§ WHAT IS EXPECTED: In the records below, the lines between the one holding "Ulla Popken Maglia" and the one holding "Chicken Over Hummus", inclusive, are to be transcribed exactly; no pictures are to be included.

§ PROVIDED MATERIAL:

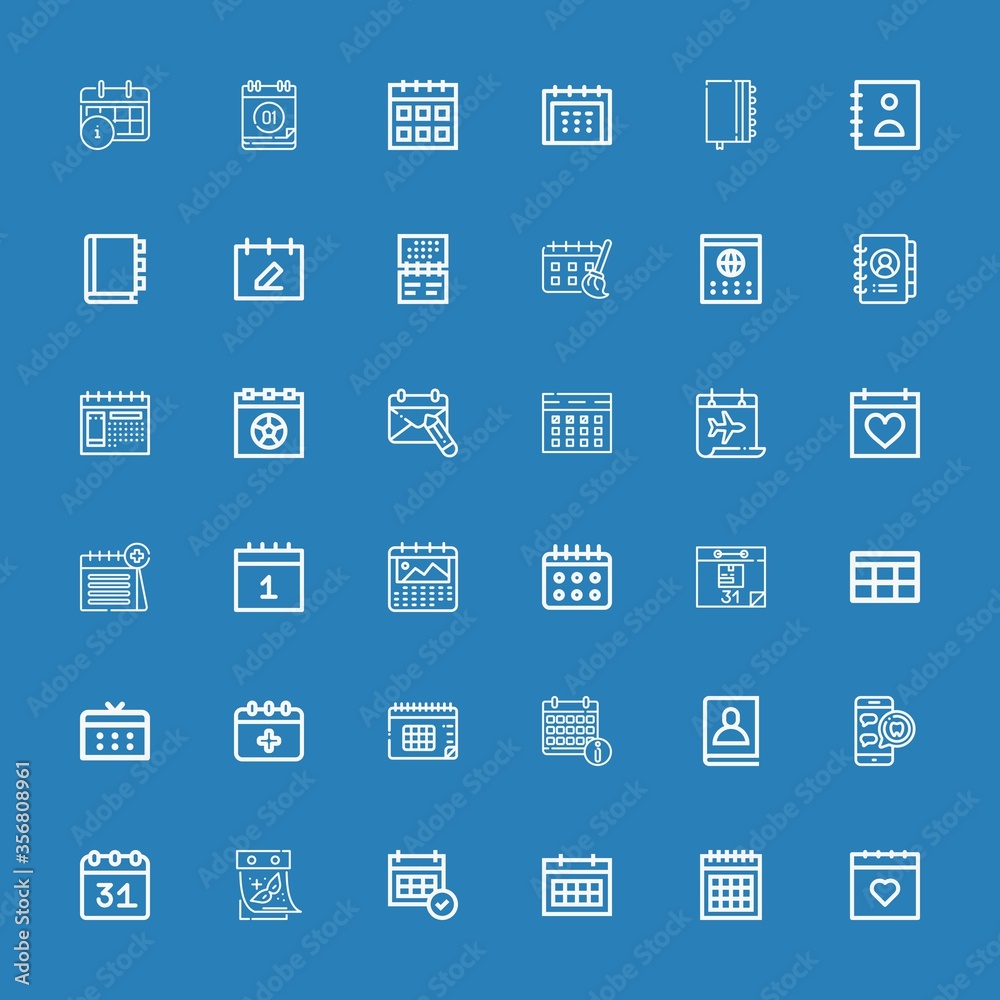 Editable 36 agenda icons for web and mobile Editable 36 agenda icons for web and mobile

==

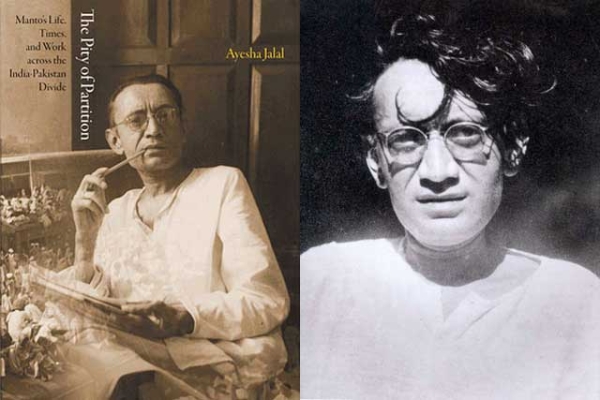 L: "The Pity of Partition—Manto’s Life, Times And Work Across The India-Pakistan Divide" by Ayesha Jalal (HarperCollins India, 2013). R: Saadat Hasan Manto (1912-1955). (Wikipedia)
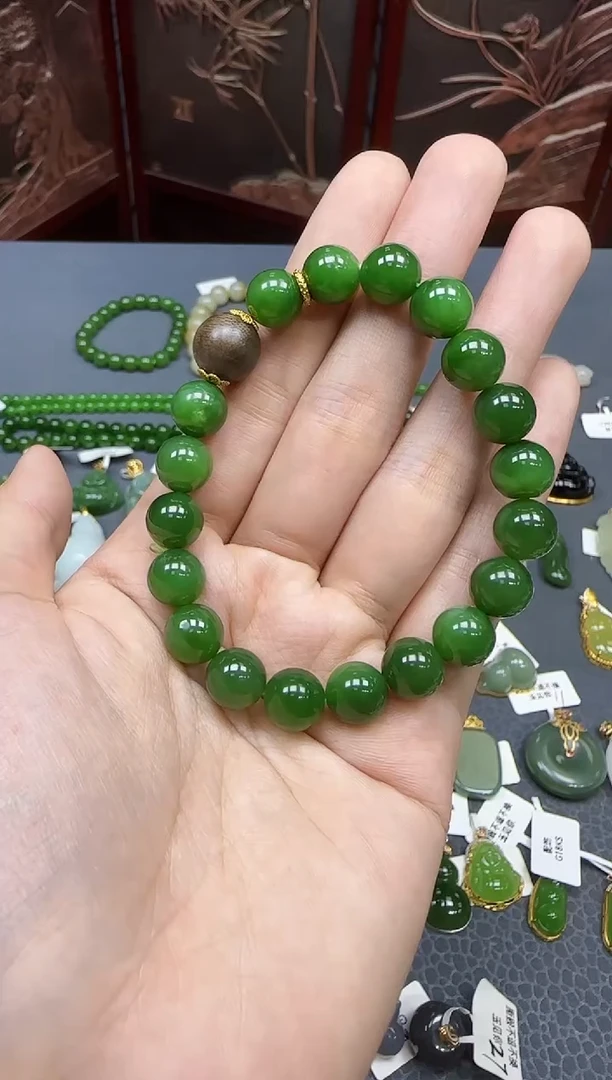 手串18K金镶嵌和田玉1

* * *

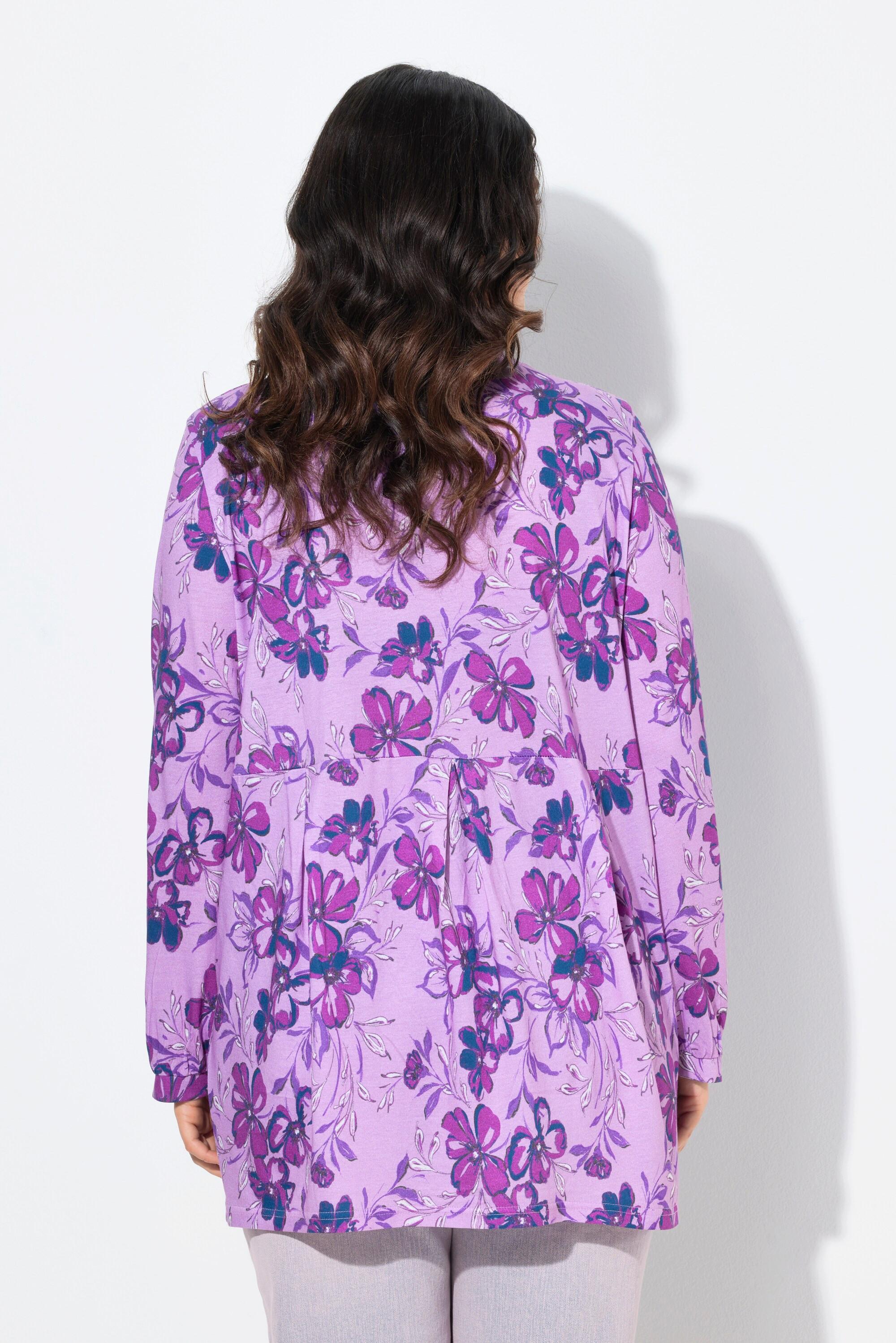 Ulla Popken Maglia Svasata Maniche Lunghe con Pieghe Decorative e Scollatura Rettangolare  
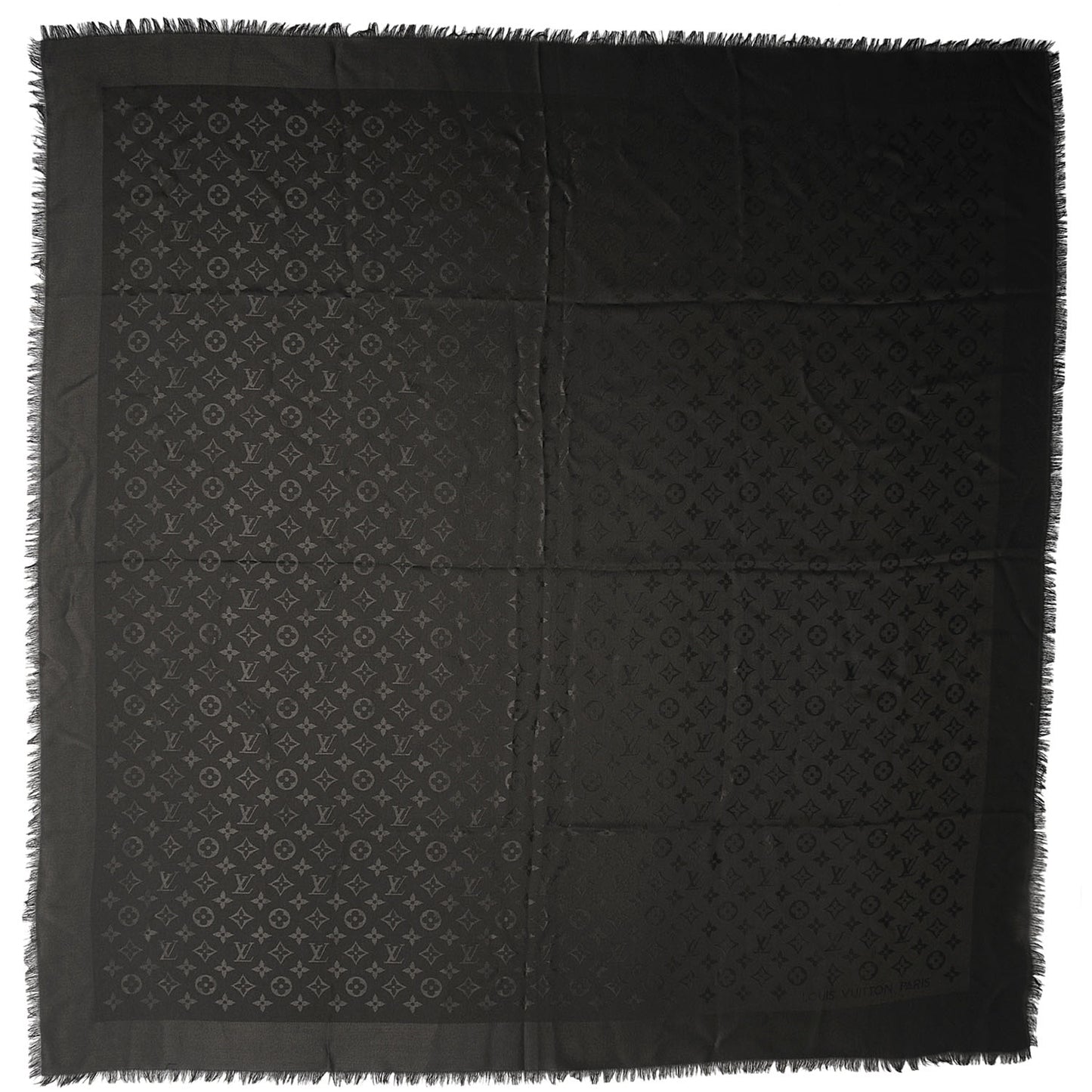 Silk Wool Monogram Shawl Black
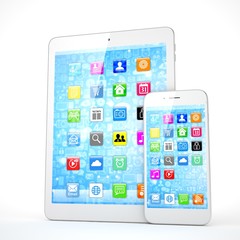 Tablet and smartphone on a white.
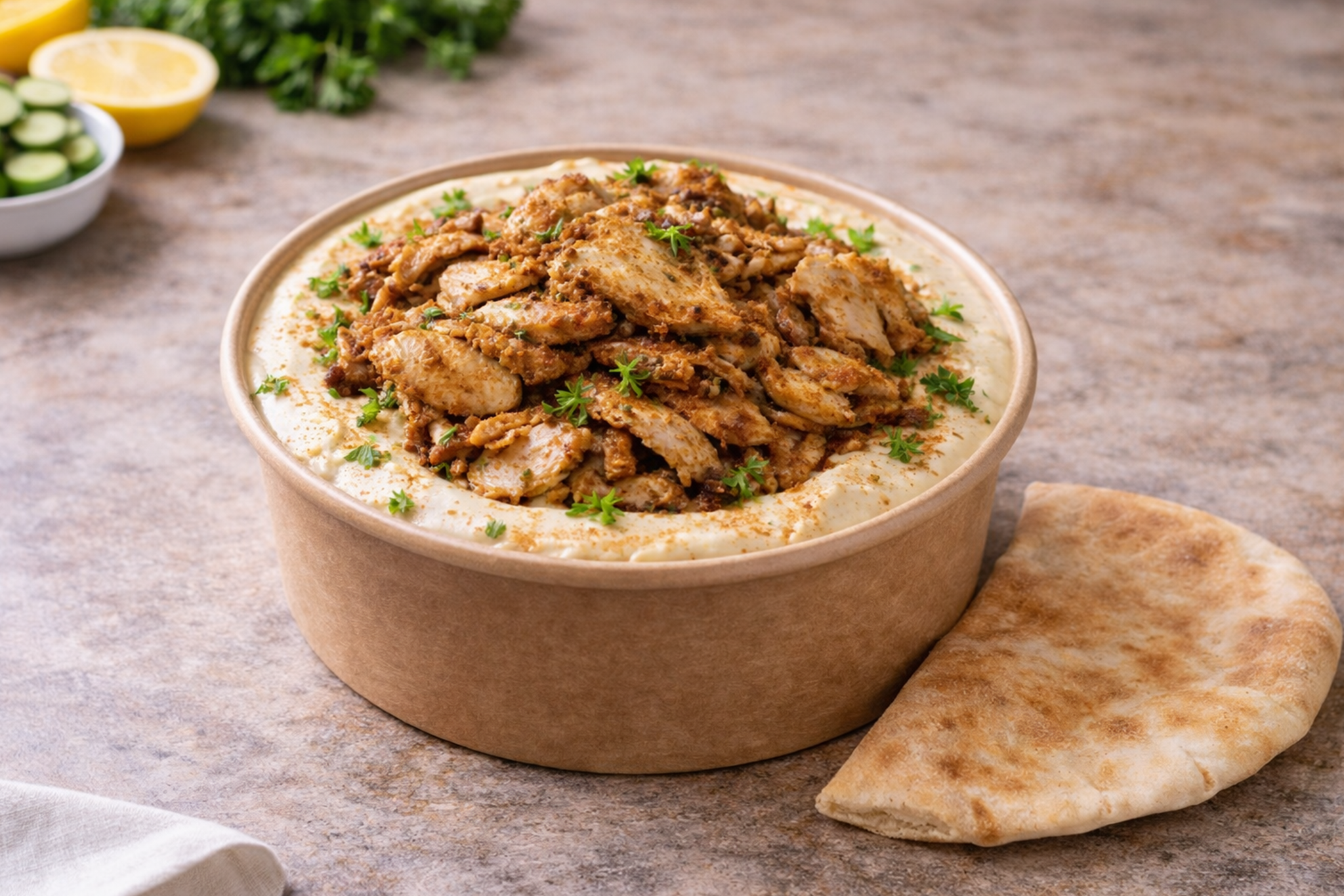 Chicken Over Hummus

§ OUTPUT FOR THIS TASK:
 Ulla Popken Maglia Svasata Maniche Lunghe con Pieghe Decorative e Scollatura Rettangolare  
 Silk Wool Monogram Shawl Black
 Tablet and smartphone on a white.
 Chicken Over Hummus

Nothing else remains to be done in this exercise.